Si no lo han comido nunca, les aconsejo que lo hagan en un establecimiento que regenten moros o turcos. No vale preparárselo en casa ni que te lo cocine un español; el sabor es distinto, como distinto es hacer por nuestra cuenta las patatas bravas, las cachuelas a la plancha o los callos, pues nunca superaremos la receta del Bambú, del Bayadoliz o del Caballero, por citar tres ejemplos de gastronomía que uno echa de menos cuando está fuera. En Zamora, en sábado noche, me gusta ir a cenar algo por Los Herreros o Los Lobos. En Madrid me ha tocado cambiar mi menú castizo del sábado por estos bocatas turcos y, aunque deleitan el paladar y me placen sobremanera, uno es de la vieja escuela española, ya saben: tortilla de patatas, pata con morro, chorizo al vino, jamón serrano. Tengo la impresión de que el kebab se está convirtiendo en el alimento nocturno del joven con prisa y del diurno del pobre que no puede gastarse demasiado en su dieta diaria. Al sitio al que voy toca pedirlo, si es para llevar, a través de una ventana que comunica la calle con una pequeña cocina con bandejas para los ingredientes, una caja para cobrar y los asadores verticales donde gira despacio la carne.
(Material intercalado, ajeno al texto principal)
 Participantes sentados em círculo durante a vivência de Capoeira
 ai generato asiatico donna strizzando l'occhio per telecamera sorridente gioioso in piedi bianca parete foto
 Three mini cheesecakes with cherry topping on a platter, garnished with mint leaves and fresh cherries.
Tardan en ponérmelo un par de minutos, el tiempo de echarle todo el condumio a este pan abierto que recuerda a un estuche redondo para discos compactos. Quien nunca antes haya visto estos asadores se puede asustar un poco, ya que amontonan el cordero o el pollo en el pincho hasta que coge la forma del muslamen de Polifemo, aquel cíclope al que embriagó Ulises antes de que le devorase a toda la tripulación.
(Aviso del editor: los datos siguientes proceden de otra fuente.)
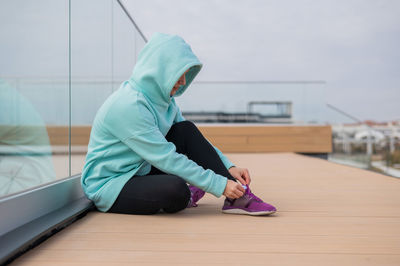 Side view of man sitting on floor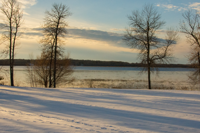 image of bass lake with ice cover along shore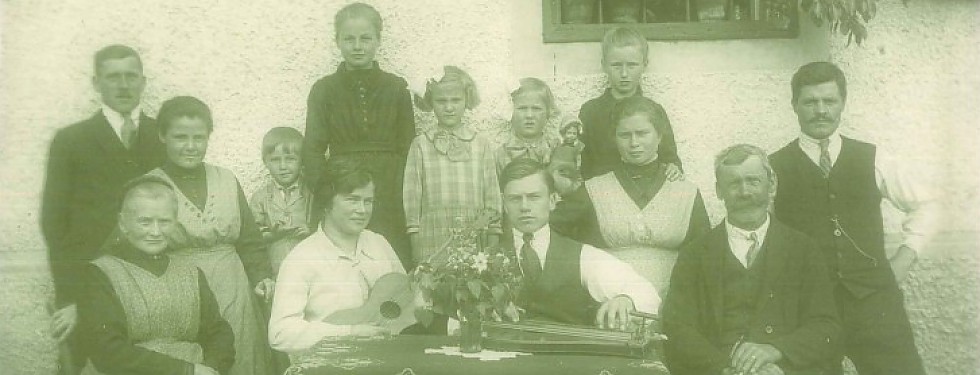 Schwarz-weiß-Familienporträt von 14 Personen, darunter Männer, Frauen und Kinder, einige sitzen um einen Tisch mit Blumen und Musikinstrumenten.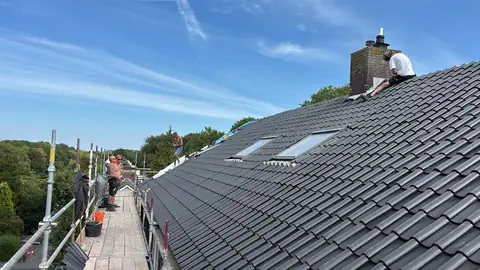Dakdekkers aan het werk op het dak en op de steiger tijdens de renovatie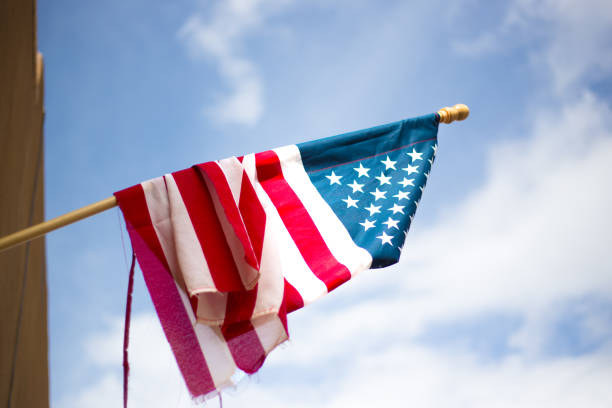 istock Tattered Old US Flag Hanging; Sky Background 1063553860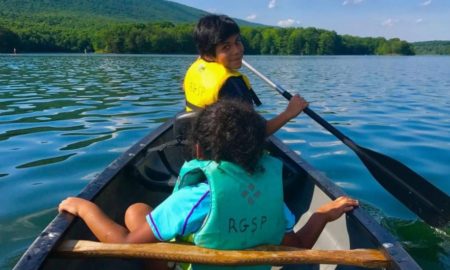 environmental education and restoration grants; two children paddling canoe in lake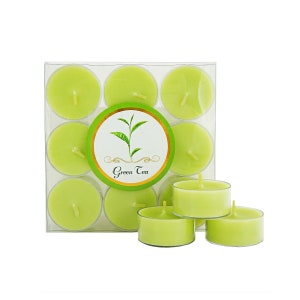 Puede incluir: Un paquete de 12 velas de té verde perfumadas. Las velas están en un recipiente de plástico transparente con una etiqueta que dice "Green Tea". También hay cuatro velas fuera del recipiente.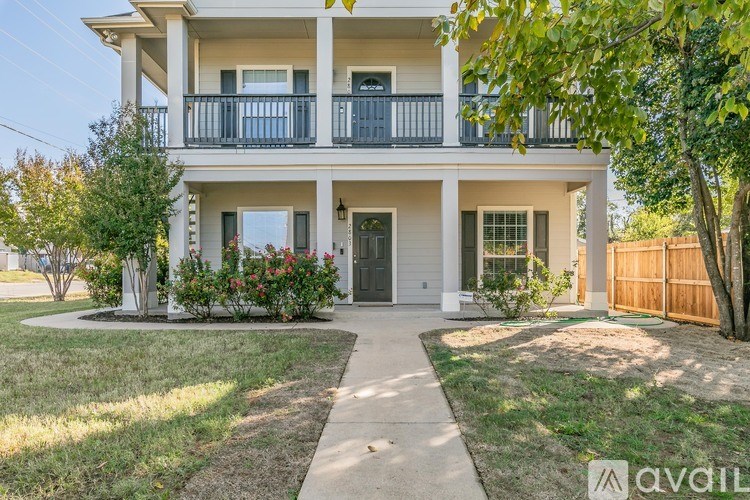 A two-story house with a balcony and a front yard.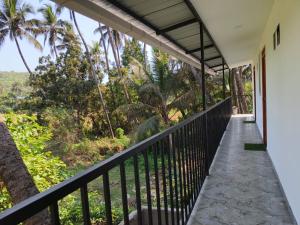 a balcony with a view of the forest at Eva Beach Side Room in Mandrem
Sospecha uno, sin embargo, que alguna gente se niega a pedir el menú en estos locales. Una de estas razones se suele esgrimir: que estás financiando a los terroristas o que sienten repudio de que cocine alguien de otra raza. En el primer caso, qué quiere que le diga: no todos son terroristas. Y, en el segundo: usted se come el pollo, no al turco. Una tarde vi por ahí una furgoneta en cuyo lomo anunciaban: “Monte su propio negocio”. Son empresas que venden el tinglado al completo (los hornos verticales, el cuchillo eléctrico, el carro con las bandejas), que no ocupa más de dos metros y medio, según dicen, y que puedes instalar en piscinas, hoteles, terrazas y parques. Esto ya me parecería el colmo, pero será la próxima moda. Lo es en Alemania, por ejemplo. No sé dónde he leído que fue un inmigrante turco quien inventó, en Berlín, esta versión fast food del kebab. Se hizo de oro.